Input:
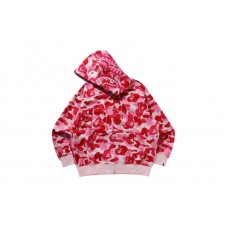 BAPE ABC Camo Rayon Relaxed Fit Shark Full Zip Hoodie Pink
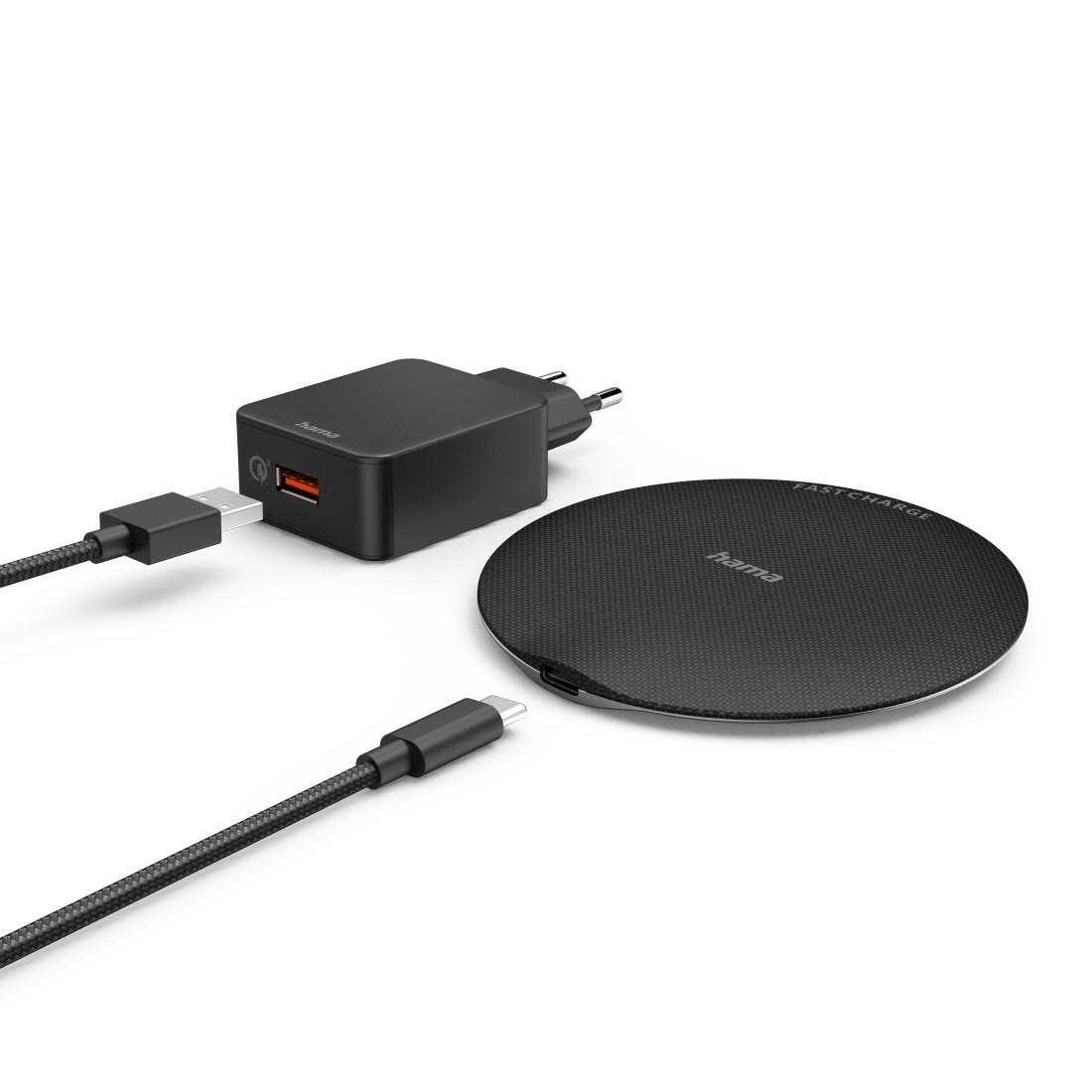 Hama Smartphone-Ladegerät »Wireless Charger Set QIFC15 Metal 15W kabelloses Smartphone Ladepad«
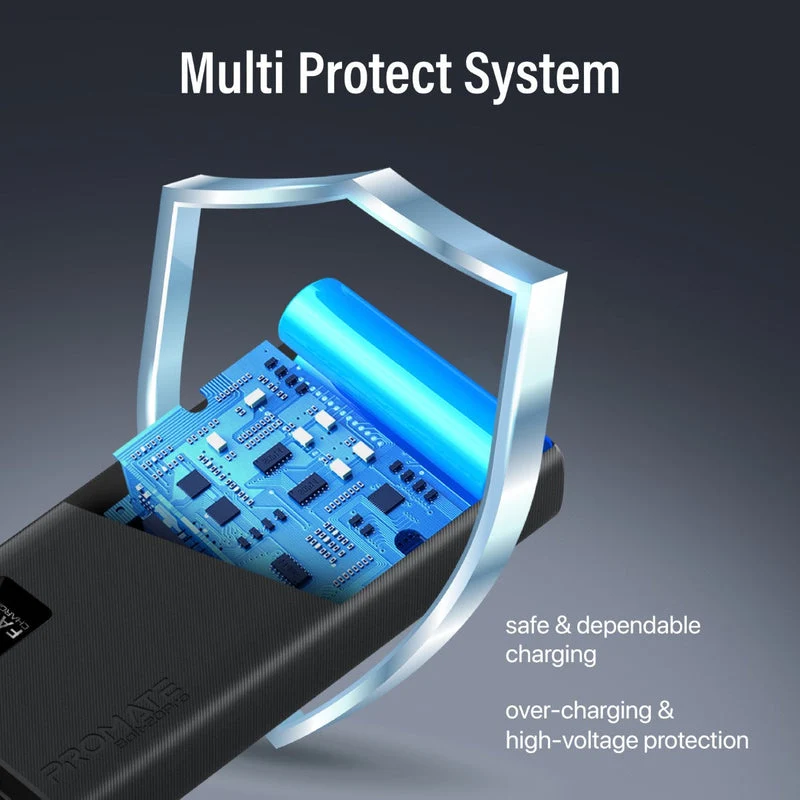 Promate Dual USB-A USB-C Output Smart Super Charging Super Slim Power Bank Black (10000MAH, 20000MAH)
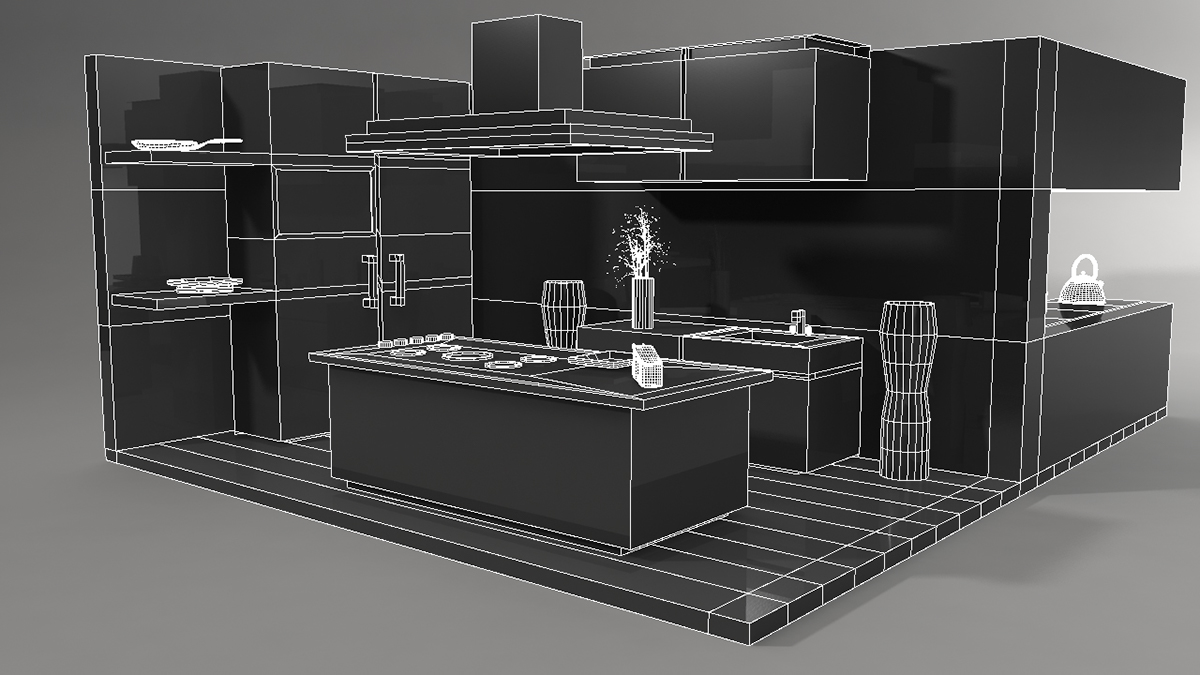 kitchen 3D Maya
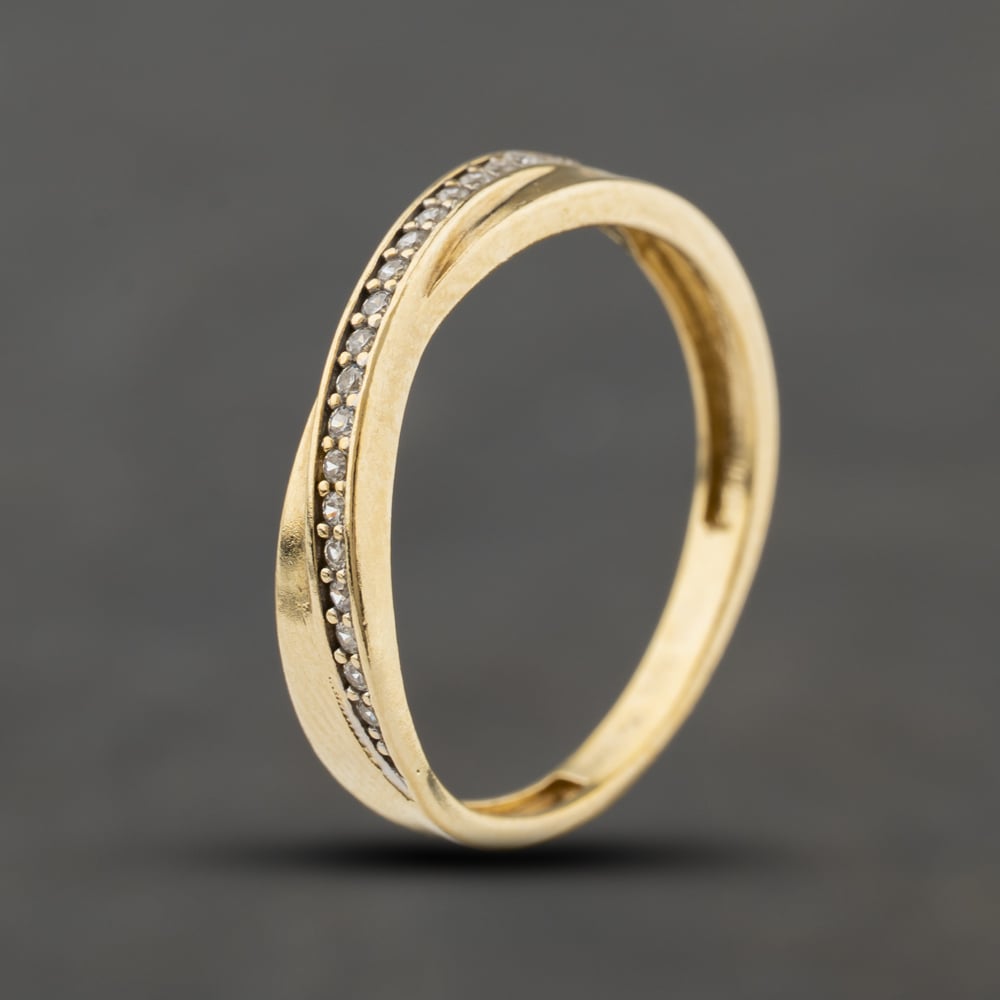 Second Hand 9ct Yellow Gold Cubic Zirconia Half Eternity Ring 41104414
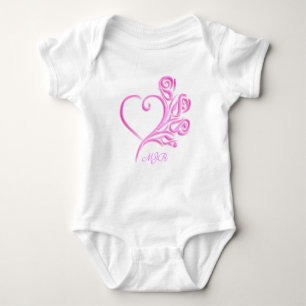 Body Para Bebê Monograma personalizado, Mauve Stylized Heart e Ro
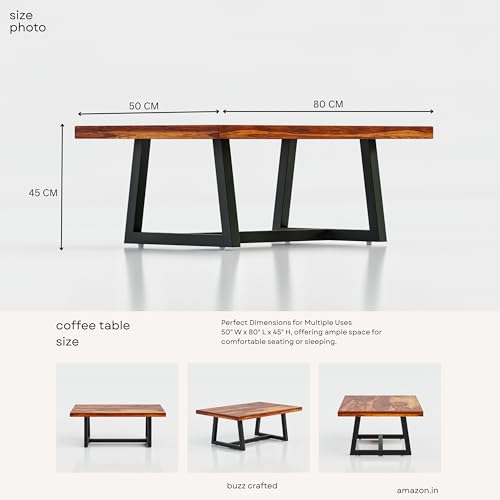 Image of Modern Coffee Table with Open Storage Shelf - Minimalist Rectangular Center Table With Black metal fram for Living Room, Office, and Lounge - Durable Engineered Wood, Easy Assemblyr (Black & Brown)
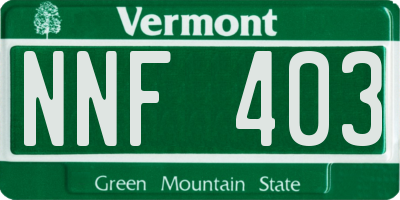 VT license plate NNF403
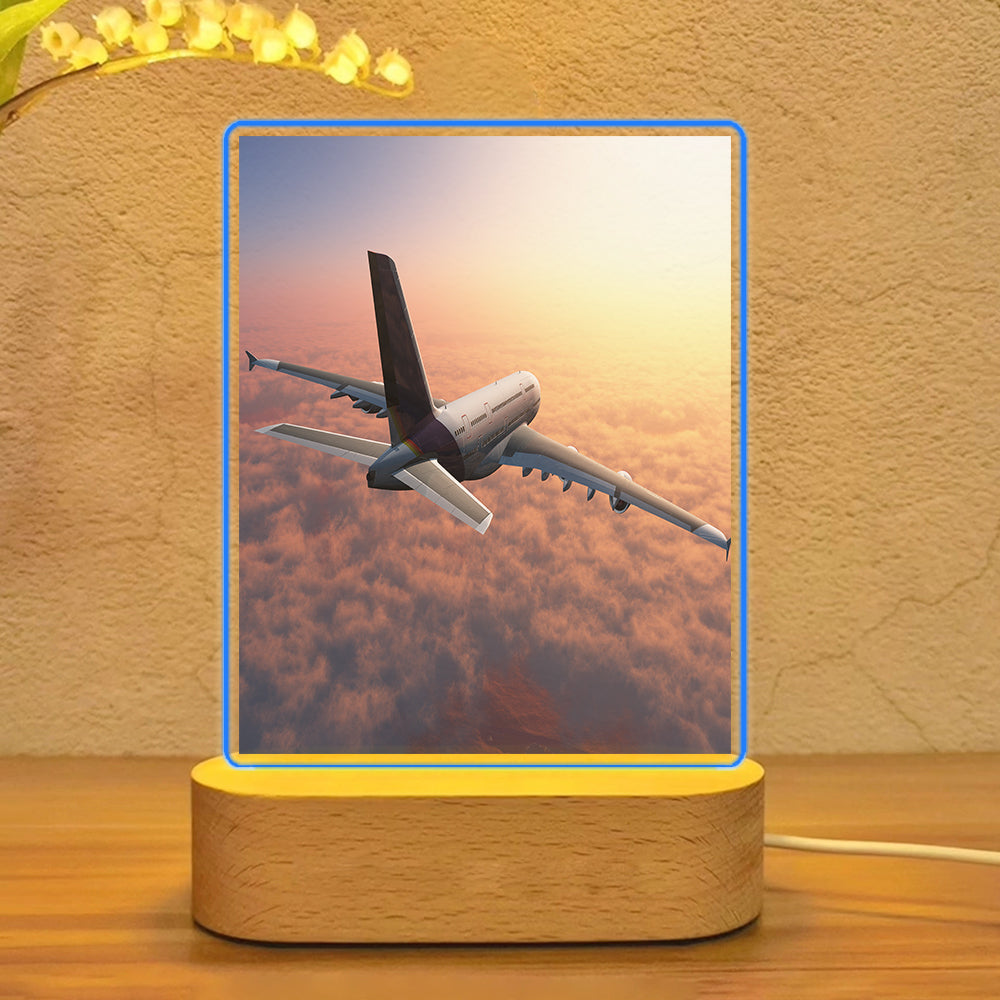 Super Cruising Airbus A380 over Clouds Designed Night Lamp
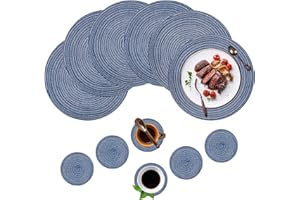Cerolopy 12Pcs Round Place Mats Set of 6, Durable Nordic Style Hemp Cotton Threaddining Placemats for Home Kitchen, Dining Table, Outdoor, Christmas Party(6 Placemats+6 Coasters, Blue)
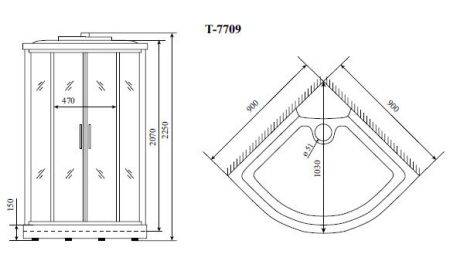 Душевая кабина Timo Lux T-7709 90x90 профиль Хром стекло прозрачное, артикул T-7709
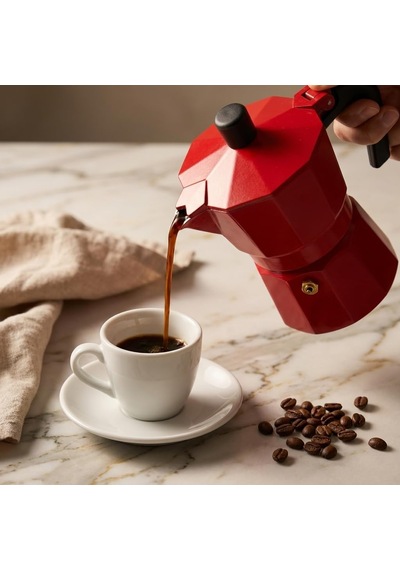 Kırmızı Moka Pot 3 Fincanlık, 180 Ml Alüminyum Espresso Demliği, Ocak Üstü Kahve Cezvesi, Gazlı Elektrikli Seramik Ocak Uyumlu, 9x12x17 Cm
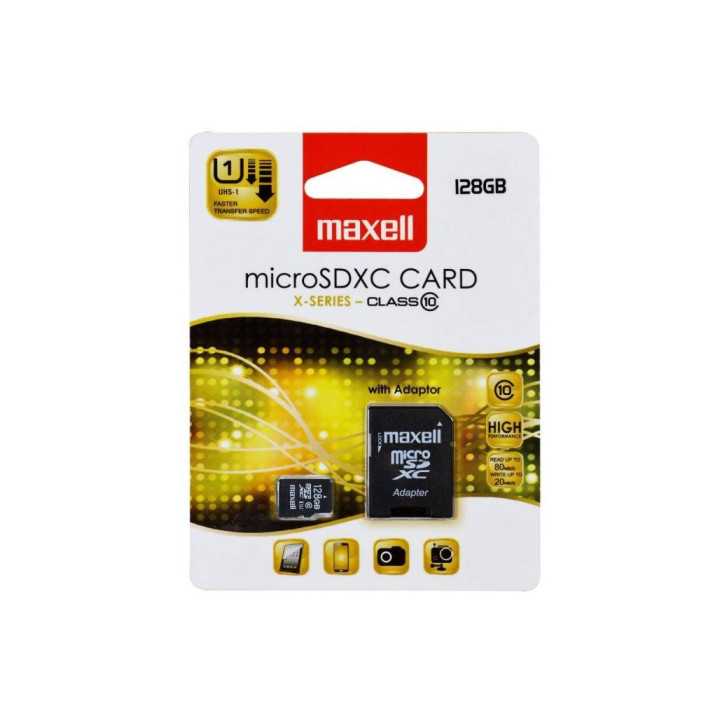 Card MicroSDXC Maxell UHS-1 Secure Digital 128GB cu adaptor SD clasa 10 citire 80MB/s scriere 20MB/s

Required work: From the records above, quote word for word only the lines beginning at the line that has "Charger Set QIFC15" and stopping after the line that has "Second Hand 9ct". Omit the pictures.

Your response:
 Hama Smartphone-Ladegerät »Wireless Charger Set QIFC15 Metal 15W kabelloses Smartphone Ladepad«
 Promate Dual USB-A USB-C Output Smart Super Charging Super Slim Power Bank Black (10000MAH, 20000MAH)
 kitchen 3D Maya
 Second Hand 9ct Yellow Gold Cubic Zirconia Half Eternity Ring 41104414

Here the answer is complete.